**Task requirements**
Once the line containing "Collana artigianale in" is found in the records below, return it and each following line exactly, up to and including the line containing "Głośnik Alarmu Ulicznego", and nothing else.

**Provided data**
####################

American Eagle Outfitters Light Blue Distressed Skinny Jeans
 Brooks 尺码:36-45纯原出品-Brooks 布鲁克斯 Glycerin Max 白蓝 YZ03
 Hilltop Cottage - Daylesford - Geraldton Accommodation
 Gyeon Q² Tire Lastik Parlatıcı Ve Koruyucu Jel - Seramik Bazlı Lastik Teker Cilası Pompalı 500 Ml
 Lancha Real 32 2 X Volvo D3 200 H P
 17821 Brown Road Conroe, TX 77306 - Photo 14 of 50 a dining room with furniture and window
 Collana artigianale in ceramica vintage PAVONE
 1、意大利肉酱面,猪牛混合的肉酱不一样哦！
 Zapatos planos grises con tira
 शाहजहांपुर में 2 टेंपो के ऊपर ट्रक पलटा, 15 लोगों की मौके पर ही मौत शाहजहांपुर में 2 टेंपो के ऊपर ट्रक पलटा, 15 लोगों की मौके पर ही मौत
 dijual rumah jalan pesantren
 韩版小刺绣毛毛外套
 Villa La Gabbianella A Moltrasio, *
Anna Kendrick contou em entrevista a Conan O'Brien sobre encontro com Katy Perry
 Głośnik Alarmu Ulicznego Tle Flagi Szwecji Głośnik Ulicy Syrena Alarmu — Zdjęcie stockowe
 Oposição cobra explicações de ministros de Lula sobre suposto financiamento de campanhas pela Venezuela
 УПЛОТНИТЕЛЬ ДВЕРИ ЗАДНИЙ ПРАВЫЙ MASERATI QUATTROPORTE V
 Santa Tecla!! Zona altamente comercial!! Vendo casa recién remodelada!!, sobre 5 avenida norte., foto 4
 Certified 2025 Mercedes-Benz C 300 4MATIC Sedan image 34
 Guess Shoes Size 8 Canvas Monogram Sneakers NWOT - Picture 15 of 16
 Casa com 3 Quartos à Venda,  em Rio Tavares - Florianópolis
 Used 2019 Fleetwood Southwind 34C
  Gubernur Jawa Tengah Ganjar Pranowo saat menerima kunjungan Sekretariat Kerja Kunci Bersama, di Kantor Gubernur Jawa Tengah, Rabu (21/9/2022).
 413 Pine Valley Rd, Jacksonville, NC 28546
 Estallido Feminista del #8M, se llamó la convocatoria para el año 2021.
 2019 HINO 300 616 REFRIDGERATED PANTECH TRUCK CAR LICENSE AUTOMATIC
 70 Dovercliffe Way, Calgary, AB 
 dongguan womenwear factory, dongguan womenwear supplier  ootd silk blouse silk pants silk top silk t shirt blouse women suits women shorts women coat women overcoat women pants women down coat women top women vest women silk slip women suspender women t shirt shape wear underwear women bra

####################

**Solution**
 Collana artigianale in ceramica vintage PAVONE
 1、意大利肉酱面,猪牛混合的肉酱不一样哦！
 Zapatos planos grises con tira
 शाहजहांपुर में 2 टेंपो के ऊपर ट्रक पलटा, 15 लोगों की मौके पर ही मौत शाहजहांपुर में 2 टेंपो के ऊपर ट्रक पलटा, 15 लोगों की मौके पर ही मौत
 dijual rumah jalan pesantren
 韩版小刺绣毛毛外套
 Villa La Gabbianella A Moltrasio, *
Anna Kendrick contou em entrevista a Conan O'Brien sobre encontro com Katy Perry
 Głośnik Alarmu Ulicznego Tle Flagi Szwecji Głośnik Ulicy Syrena Alarmu — Zdjęcie stockowe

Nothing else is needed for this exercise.